The Hanoi Elegance 4 is a refurbished building with long but narrow rooms (as in I must turn sideways to get past the end of the bed). I had a computer in the room with free internet, fresh fruit daily, and bottled water, as well as a flat-screen TV mounted on the wall (which made me have to duck as well as crab walk past one of the twin beds). A rain shower in the gleaming bathroom had plenty of hot water and the breakfast (included) was quite nice. The awkwardness of the room width was quickly forgotten because the staff behaved as if this was a five-star property tucked away in an alley in the Old Quarter. Without a doubt I will stay here again if I return to Hanoi.

But no trip to Hanoi can be complete without a visit to its most famous “hotel” the Hanoi Hilton. Hoa Lo Prison is notorious from the Vietnam War and John McCain was perhaps its most famous guest during that time. There are photos of him visiting again years later. One such pic lists him as Mc John Cain.

When I visited I naively expected to see some information on what the POWs went through. History mocks those who seek no further than the homeland textbook. The French built this prison, Maison Centrale, starting in the late 19th century when ‘Nam was still part of French Indochina. Its capacity varied over the years but was more or less 500 prisoners.

A walk through the complex makes me wonder where 500 bodies could be kept, so it was a real stunner to learn that during the height of French torture and abuse of Vietnamese political prisoners there were over 2,000 men and women packed inside. A guillotine is on display as are a lot of photos. Signs in English tell the story of the Vietnamese struggle for independence and the atrocities the Vietnamese suffered at the hands of the French and the destruction and loss of life when the United States carpet-bombed the civilian population.

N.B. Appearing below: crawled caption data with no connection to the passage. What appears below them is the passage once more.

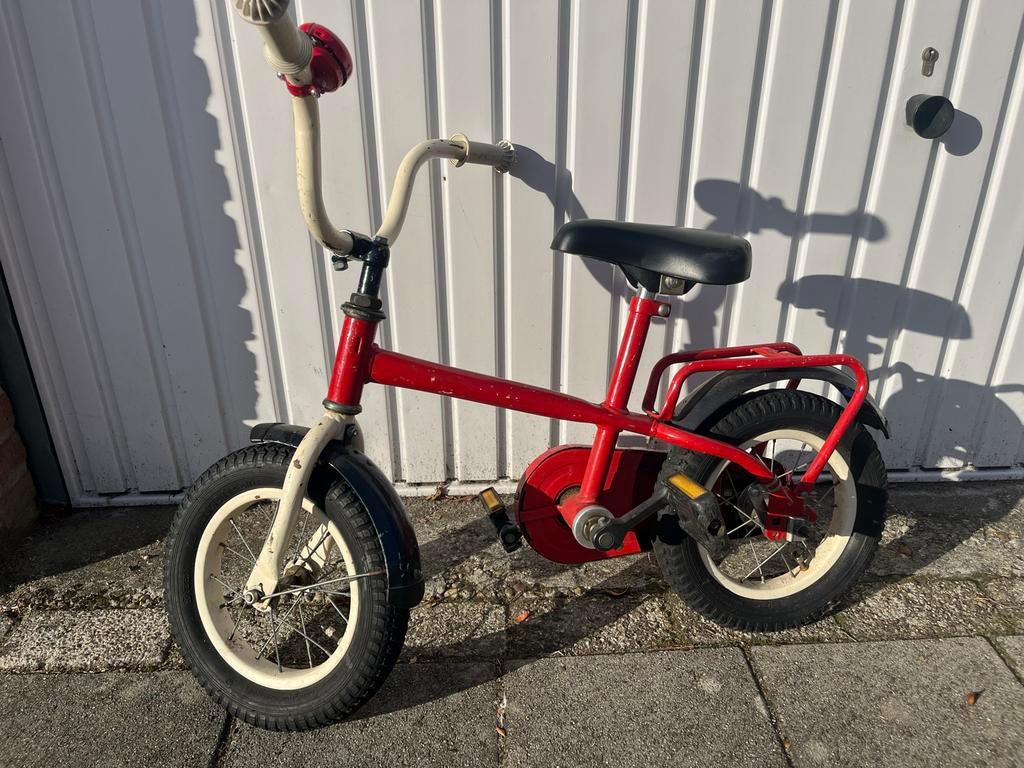 Retro kinderfietsje met terugtraprem - Oerdegelijk rood, Fietsen en Brommers, Fietsen | Kinderfietsjes, Ophalen, Gebruikt, Terugtraprem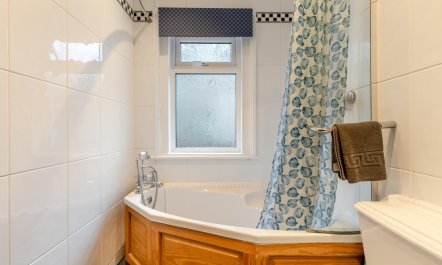 2 Bed in Briston 6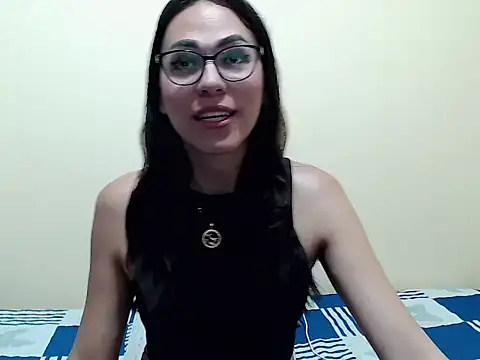 Snapshot of missblu chatting on 1, 12, 2025 missblu online show from 1, 12, 2025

One display shows the various objects the French used to torture female prisoners and lets your imagination fill in the gory details.

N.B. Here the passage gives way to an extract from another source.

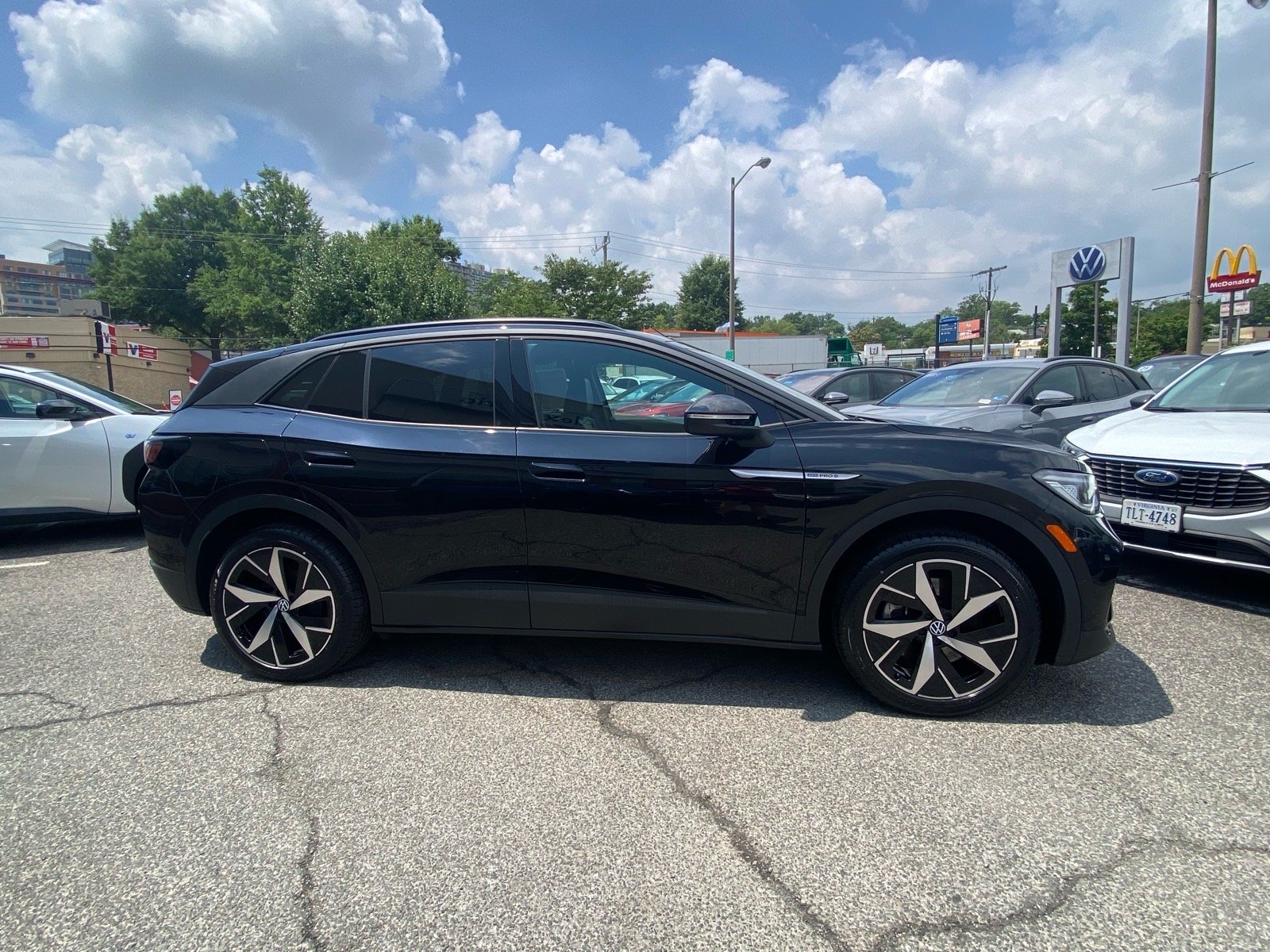 Certified 2023 Volkswagen ID.4 PRO S with VIN 1V2WNPE87PC023799 for sale in Alexandria, VA
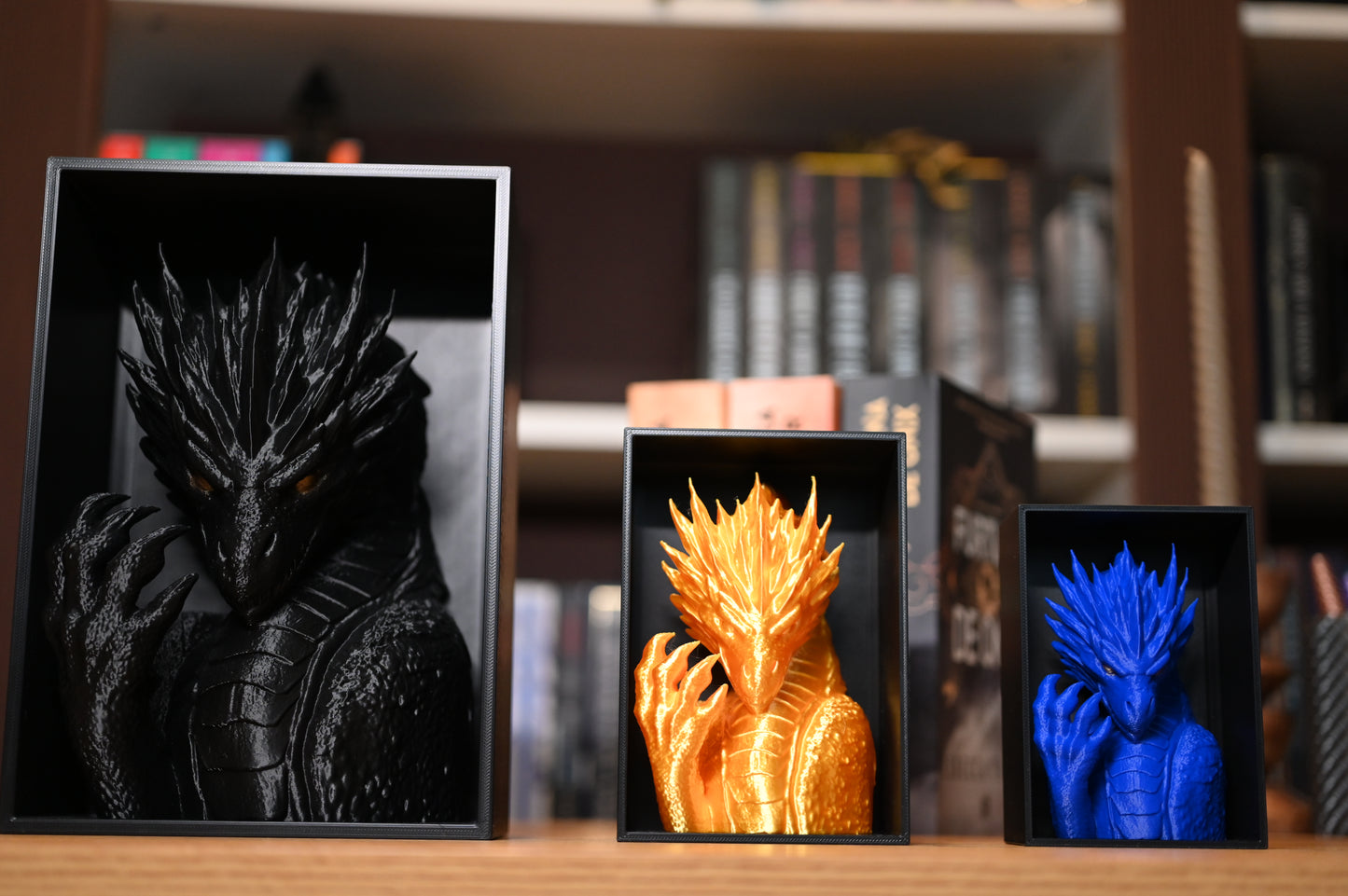 book nook dragoni fantasy – decorativ pentru bibliotecă, ideal pentru romane fantasy și colecții de cărți.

In one room is a collection of American war artifacts including a flight suit and the multi-lingual instructions for begging for mercy and promising a reward from the US government for that mercy.

“I am a citizen of the United States of America. I do not speak your language. Misfortune forces me to seek your assistance in obtaining food, shelter and protection. Please take me to someone who will provide for my safety and see that I am returned to my people. My government will reward you.”

Other photos, surely one part truth, two parts propaganda, show American POWs cooking Turkey for Thanksgiving, decorating Christmas trees, smoking cigarettes and playing basketball. The displays for the French-Era Vietnamese polticial prisoners showed people packed in like cattle, taking turns at the window for air, and long rows of shackles where men were left to lay nearly motionless without bathroom access or hygeine for days, weeks, months.

A self-guided tour doesn’t take very long and it is an eye opener. Everyone has their own version of history and the truth of it all lies somewhere in the middle of all the accounts. What I can say for certain is brutality is a human curse and tradition. Myopia in historical matters is a guarantee that what goes around, comes around, and goes around once more, and few are those who will ever see the irony of it.